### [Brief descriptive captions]
=== Begin Enclosure ===

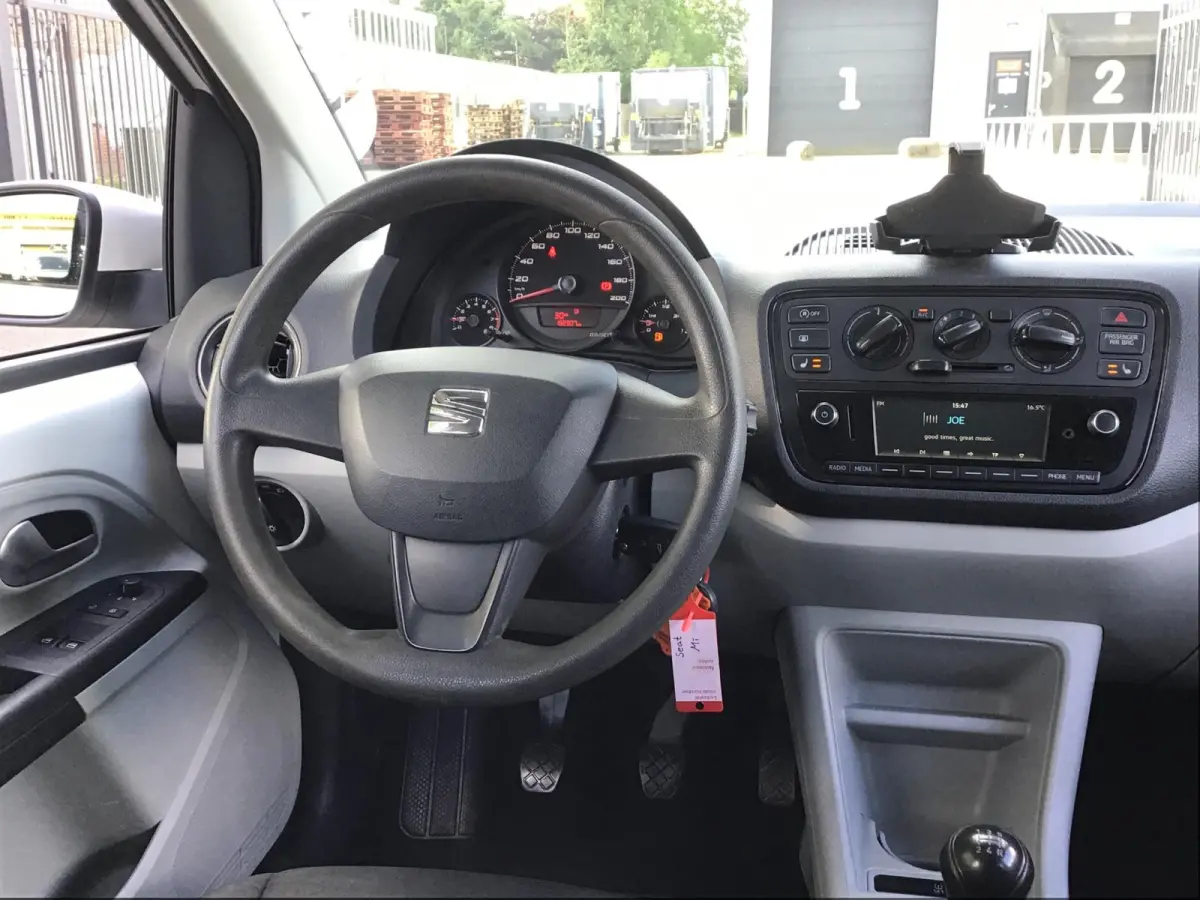 1.0 Style Intense I 1e Eigen I Dealer Onderh. I Airco I Stoelverw. I Elec Ramen I New Apk + Kln Brt I Isofix I Centr deur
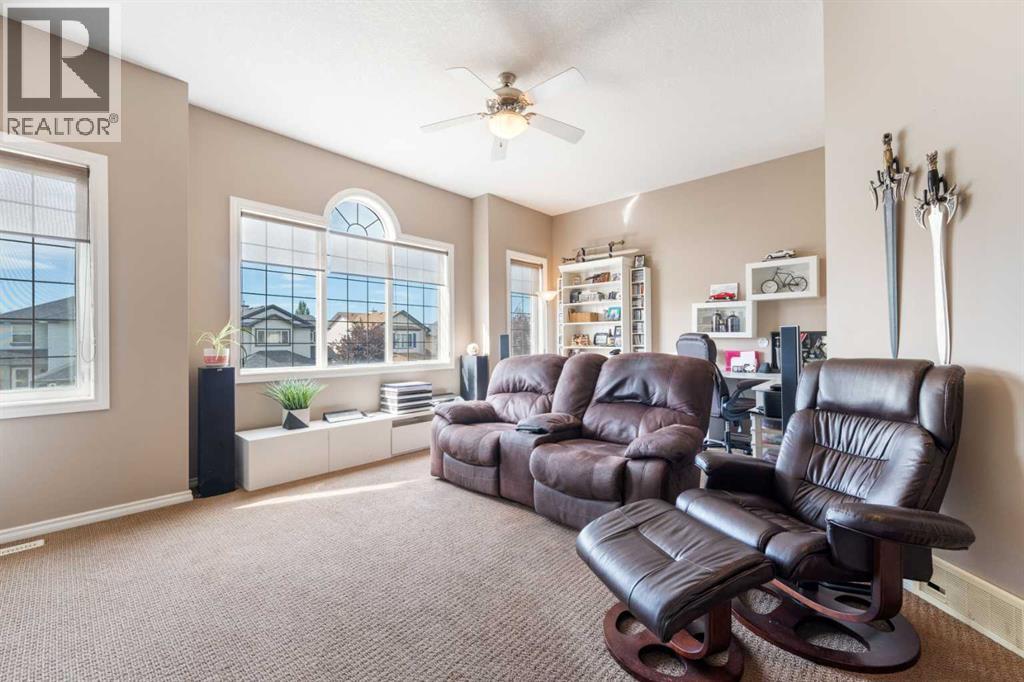 Photo 23 of 34 Crystalridge Close, Okotoks AB
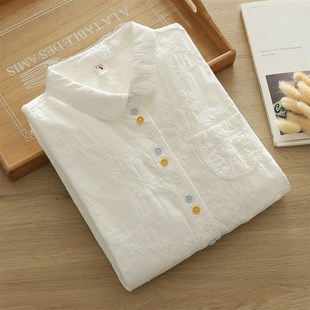 温柔小个子蕾丝浮雕梅花刺绣彩扣纯棉正肩白衬衫女长袖打底衫通勤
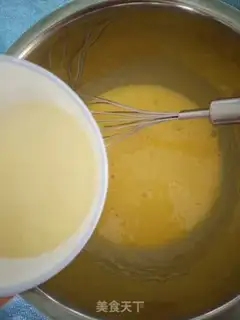 Make Barbie doll cake step 2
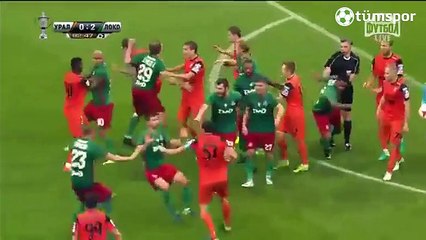 Скачать видео: Ural-Lokomotiv Moskova maçında yumruk yumruğa kavga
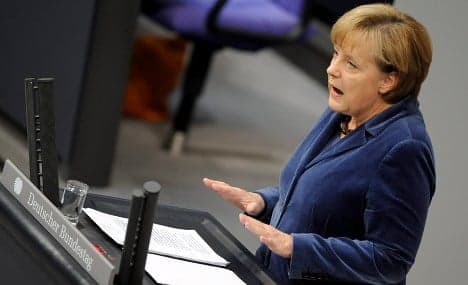 Bundestag backs Merkel ahead of euro summit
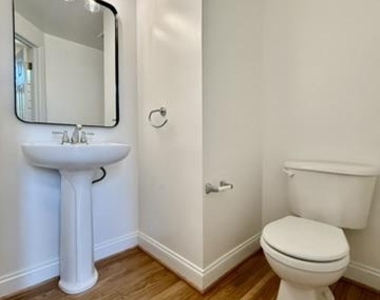 832 Stonehurst Court - Photo Thumbnail 7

=== End Enclosure ===

### [Description of the task]
Print every line above exactly. Leave the pictures out.

### [Final answer]
 1.0 Style Intense I 1e Eigen I Dealer Onderh. I Airco I Stoelverw. I Elec Ramen I New Apk + Kln Brt I Isofix I Centr deur
 Photo 23 of 34 Crystalridge Close, Okotoks AB
 温柔小个子蕾丝浮雕梅花刺绣彩扣纯棉正肩白衬衫女长袖打底衫通勤
 Make Barbie doll cake step 2
 Скачать видео: Ural-Lokomotiv Moskova maçında yumruk yumruğa kavga
 Bundestag backs Merkel ahead of euro summit
 832 Stonehurst Court - Photo Thumbnail 7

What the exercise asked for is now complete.